Teaching writing in secondary schools: a story of professional learning

Dr David Caldwell, Program Director: Masters UNISA Education Futures, explores using meta language across key learning areas to improve secondary writing skills.

Ever since the introduction of NAPLAN, improving students’ writing has been a priority for Australian schools. As the foundation of communication, writing is an essential skill, yet with 20 per cent of boys and 10 per cent of girls in Year 9 still not meeting minimum standards, secondary schools are under increasing pressure to improve writing production.

The challenge appears to be associated with the specialisation of subjects as students progress through secondary school. While teachers recognise that writing styles become more distinctive within each learning area – for example, writing for science is very different to writing for music – the responsibility to deliver solid writing skills sits squarely on the shoulders of specialist teachers, creating a need to support all teachers to develop a meta-language for writing within their own subjects.

In 2020, I led a year-long professional learning program with Marryatville High School, a large public secondary school in metropolitan South Australia. My task was to have each learning area produce at least one model text, that is, an exemplar text from their discipline that aligned with relevant Australian Curriculum content descriptors (for a specific year level). I also worked collaboratively with the teachers to analyse and annotate their model texts, highlighting important language features to teach in the classroom, such as technical language, relating verbs and causal sentences in a science lab report. The resulting text production was outstanding.

In total, the Marryatville teachers produced 19 model texts across eight learning areas. All texts were accurately analysed for genre and grammar, with teaching staff producing a range of genres in line with their respective learning areas, including responses, explanations, reports, and arguments. So, what helped facilitate this level of teacher engagement and text production? The key was three-fold: professional learning, empowerment through production, and leadership. Firstly, it’s important to understand that this teaching intervention was one part of a three-year sequence of professional learning. In the year prior, staff had undertaken rigorous training in genre and functional grammar; they analysed texts, experienced joint construction, and had essentially been ‘taught’ explicitly about the language of their disciplines. By year two, they had a reasonably strong sense of how language works in their learning area.

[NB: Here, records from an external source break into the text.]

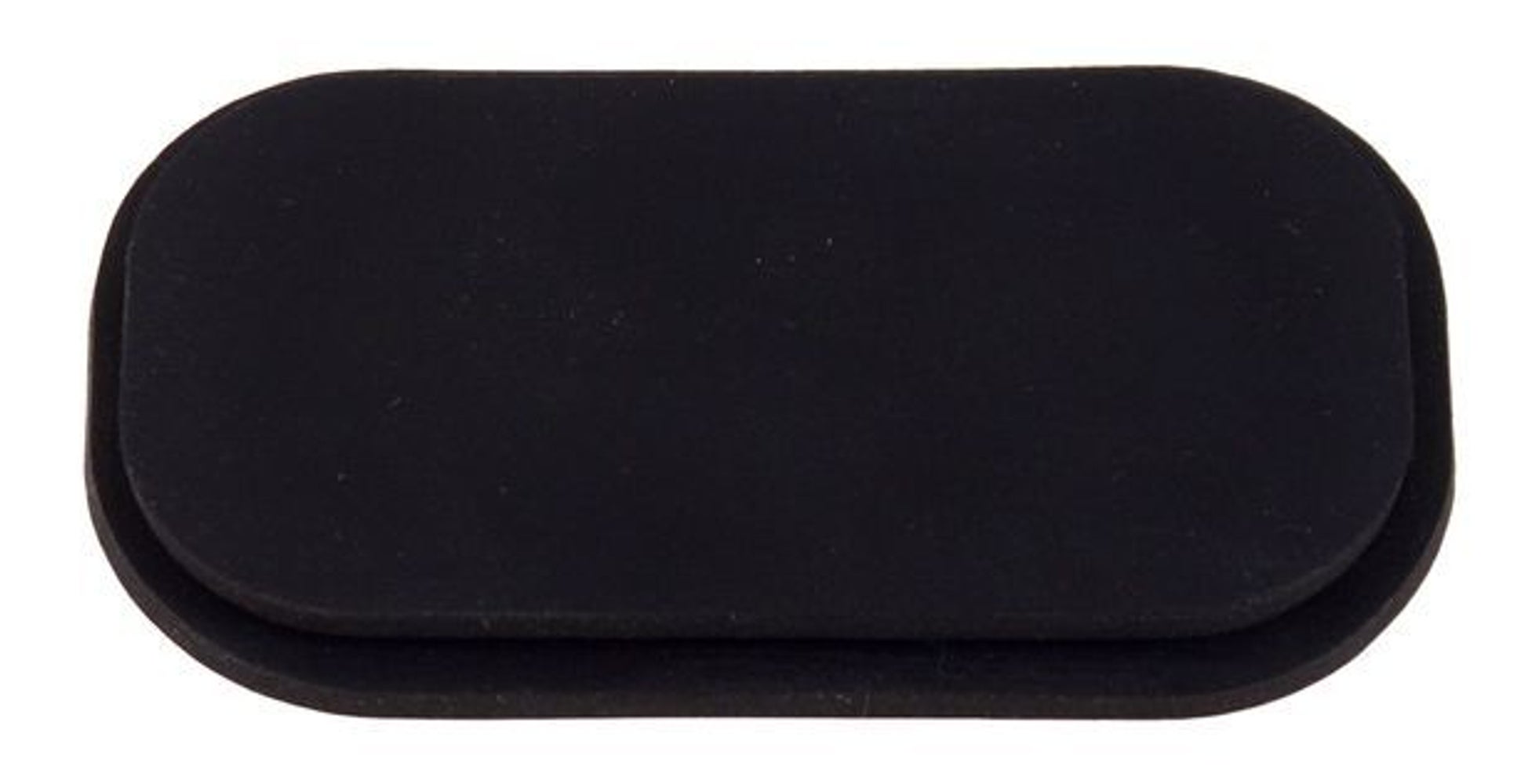 Doorvoer bumper achter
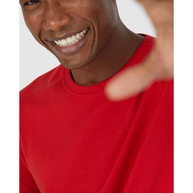 Camiseta Básica Masculina em Algodão: Estilo e Conforto - imagem 2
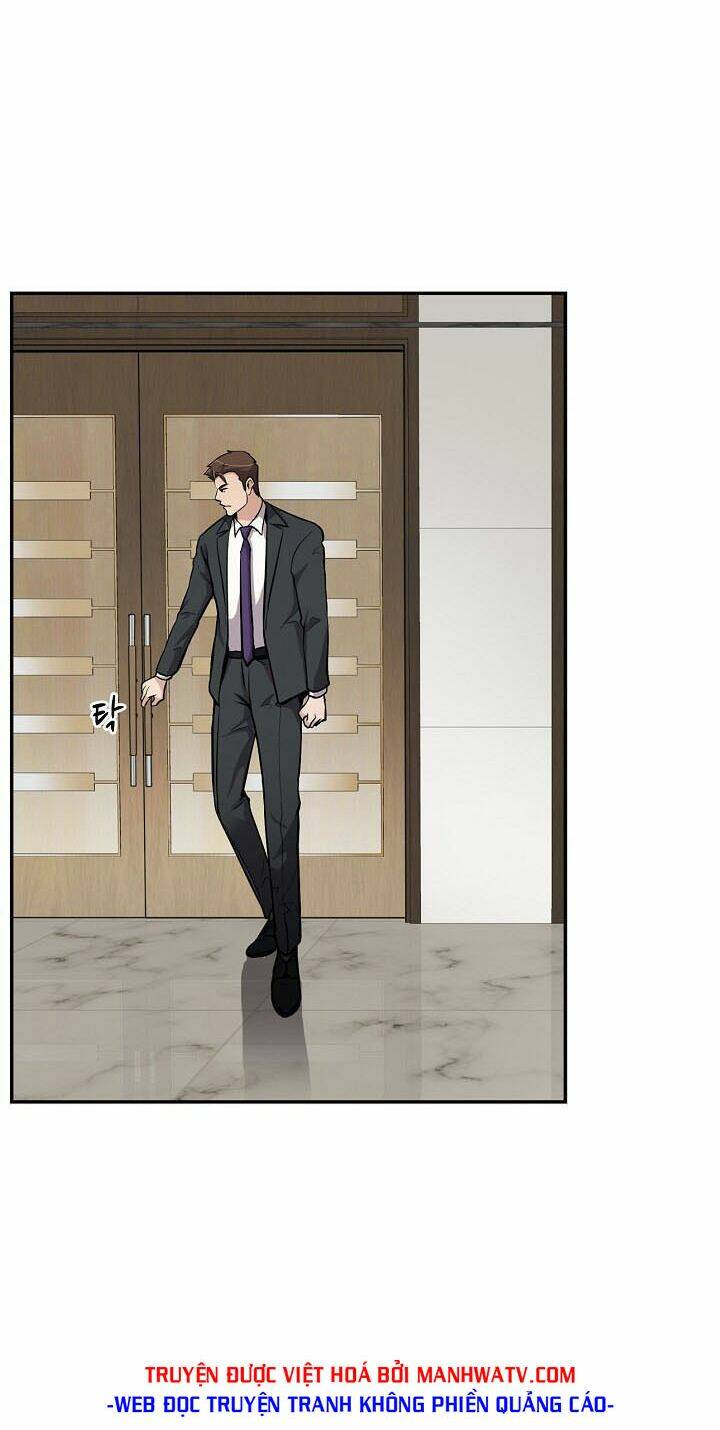 Điều Tra Viên Chuyển Sinh Chapter 69 - Trang 2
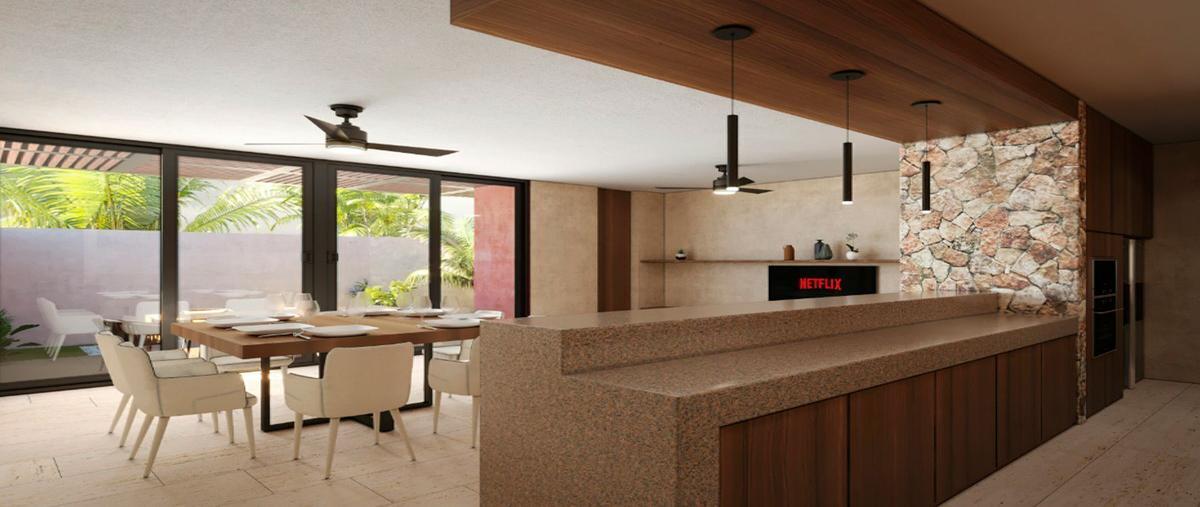 Foto de casa en venta en  , temozon norte, mérida, yucatán, 24794588 No. 05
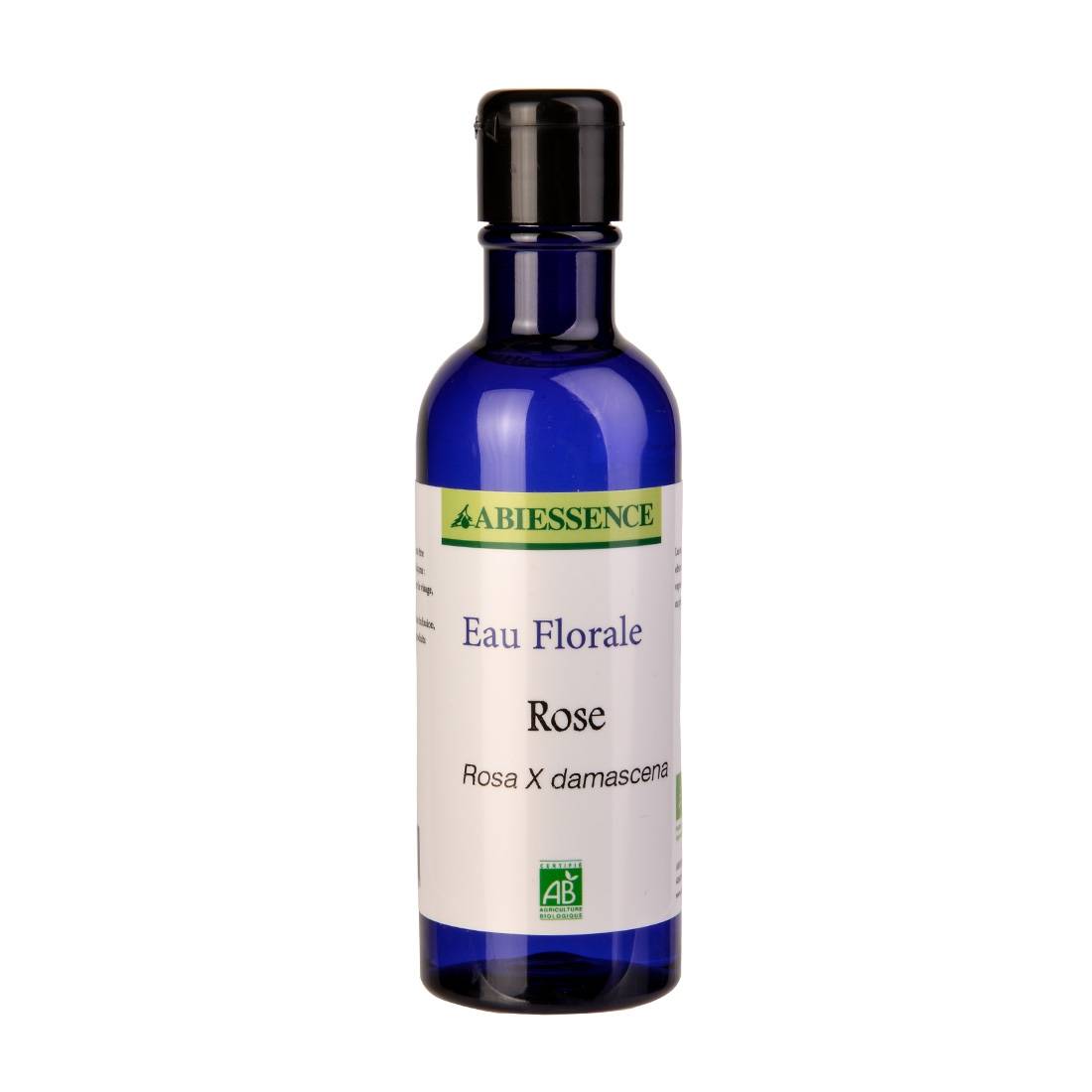 EAU FLORALE ROSE BIO 200ML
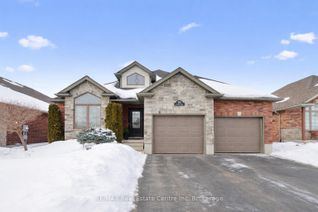 Bungalow for Sale, 152 SPENCER Dr, Centre Wellington, ON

Then, in the third year, after producing model texts, the staff focused on classroom pedagogy – how to use the model texts in the classroom. Giving staff ownership over their own text production and analysis was especially critical. First, it forced teachers to think hard about what language constitutes the kinds of texts their students produce – scientific reports, narratives, or data-driven descriptions – each has different structure, vocabulary, and grammar preferences. Second, it made teachers experience the same linguistic demands that their students experience when writing for their discipline.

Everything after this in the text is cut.